* _Exercise aim_:
The line with "Sobrado, 2 quartos, 146 m² - Foto 2", the line with "Tractor agrícola - Claas", and all lines between them in the material below: return these exactly, and no others.

═════ Supplied material

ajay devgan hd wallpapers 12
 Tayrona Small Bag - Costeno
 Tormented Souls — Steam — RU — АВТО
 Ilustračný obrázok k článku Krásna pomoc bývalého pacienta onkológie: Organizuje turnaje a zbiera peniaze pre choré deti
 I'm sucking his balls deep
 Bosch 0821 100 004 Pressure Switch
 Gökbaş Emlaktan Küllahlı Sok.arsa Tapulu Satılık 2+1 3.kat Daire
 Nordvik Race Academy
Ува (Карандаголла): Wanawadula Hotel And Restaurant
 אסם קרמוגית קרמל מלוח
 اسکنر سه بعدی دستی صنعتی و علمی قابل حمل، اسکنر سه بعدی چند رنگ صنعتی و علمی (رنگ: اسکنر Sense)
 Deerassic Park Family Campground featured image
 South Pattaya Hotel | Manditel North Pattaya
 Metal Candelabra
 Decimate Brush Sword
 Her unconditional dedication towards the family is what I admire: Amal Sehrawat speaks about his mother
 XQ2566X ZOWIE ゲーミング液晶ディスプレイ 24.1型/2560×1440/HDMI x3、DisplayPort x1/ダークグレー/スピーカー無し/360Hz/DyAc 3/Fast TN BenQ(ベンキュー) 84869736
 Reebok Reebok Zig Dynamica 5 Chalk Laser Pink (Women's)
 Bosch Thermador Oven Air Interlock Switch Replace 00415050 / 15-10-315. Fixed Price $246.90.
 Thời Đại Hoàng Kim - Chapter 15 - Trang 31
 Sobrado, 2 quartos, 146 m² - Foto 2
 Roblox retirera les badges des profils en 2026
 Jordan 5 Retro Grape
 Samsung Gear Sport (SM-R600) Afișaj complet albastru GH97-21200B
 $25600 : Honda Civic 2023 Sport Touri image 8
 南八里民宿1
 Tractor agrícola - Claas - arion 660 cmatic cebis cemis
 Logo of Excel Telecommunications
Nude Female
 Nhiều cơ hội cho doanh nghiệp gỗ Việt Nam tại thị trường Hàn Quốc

══════════

* _Reply to the exercise_:
 Sobrado, 2 quartos, 146 m² - Foto 2
 Roblox retirera les badges des profils en 2026
 Jordan 5 Retro Grape
 Samsung Gear Sport (SM-R600) Afișaj complet albastru GH97-21200B
 $25600 : Honda Civic 2023 Sport Touri image 8
 南八里民宿1
 Tractor agrícola - Claas - arion 660 cmatic cebis cemis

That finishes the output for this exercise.